PROMPT:
Give exactly the lines from the one that contains "2025 KTM 250" through the end of the entries below, both included; the pictures stay out.

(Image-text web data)
- - -
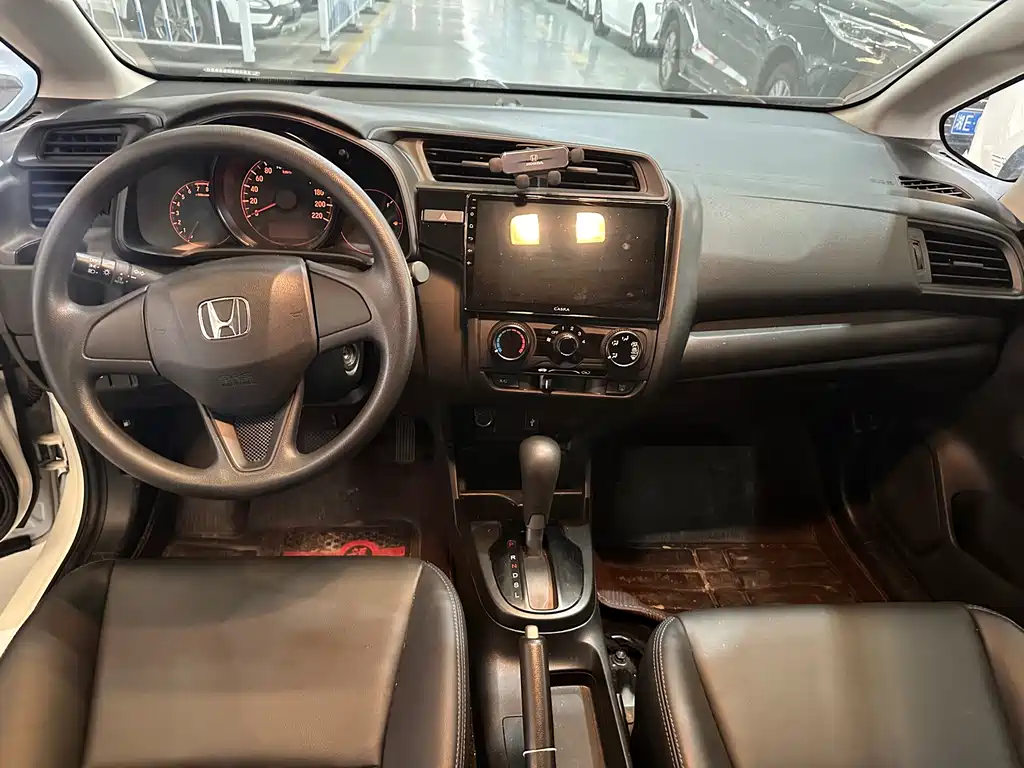 Honda Fit — фото 6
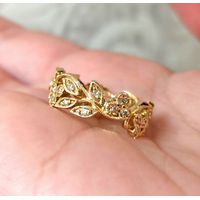 Alianças de Casamento Folhas Esculpidas Ouro 18k 35 Diamantes 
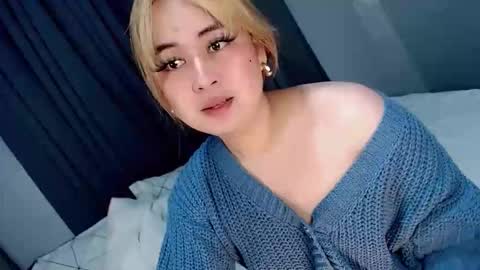 Snapshot of franchesca_fucks chatting on January 2026 02:42:02 PM LOVE online show from January 2026 02:42:02 PM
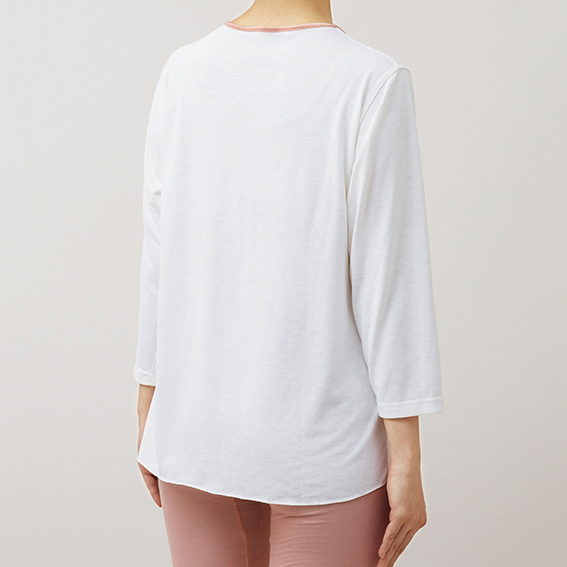 オシャレな前開き肌着（フラワー）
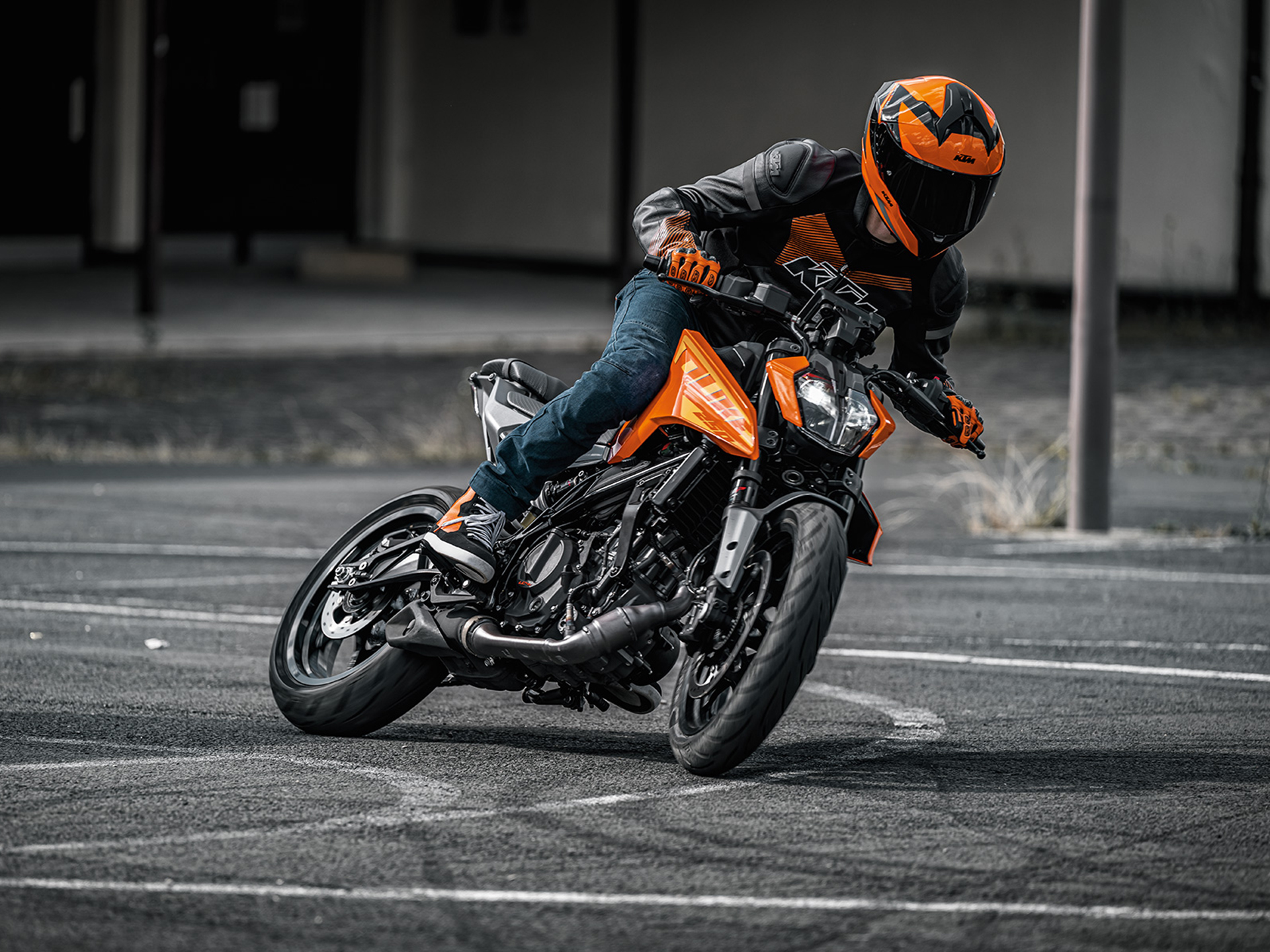 2025 KTM 250 Duke in The Dalles, Oregon - Photo 15
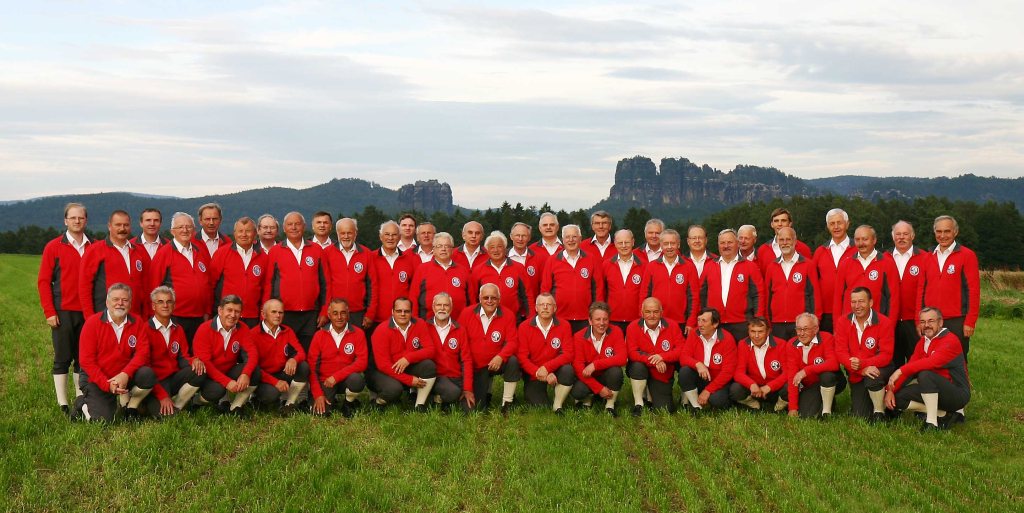 Bild: 2010 mit den Schrammsteinen im Hintergrund Bild: 2010 mit den Schrammsteinen im Hintergrund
- - -
PROBLEM SOLUTION:
 2025 KTM 250 Duke in The Dalles, Oregon - Photo 15
 Bild: 2010 mit den Schrammsteinen im Hintergrund Bild: 2010 mit den Schrammsteinen im Hintergrund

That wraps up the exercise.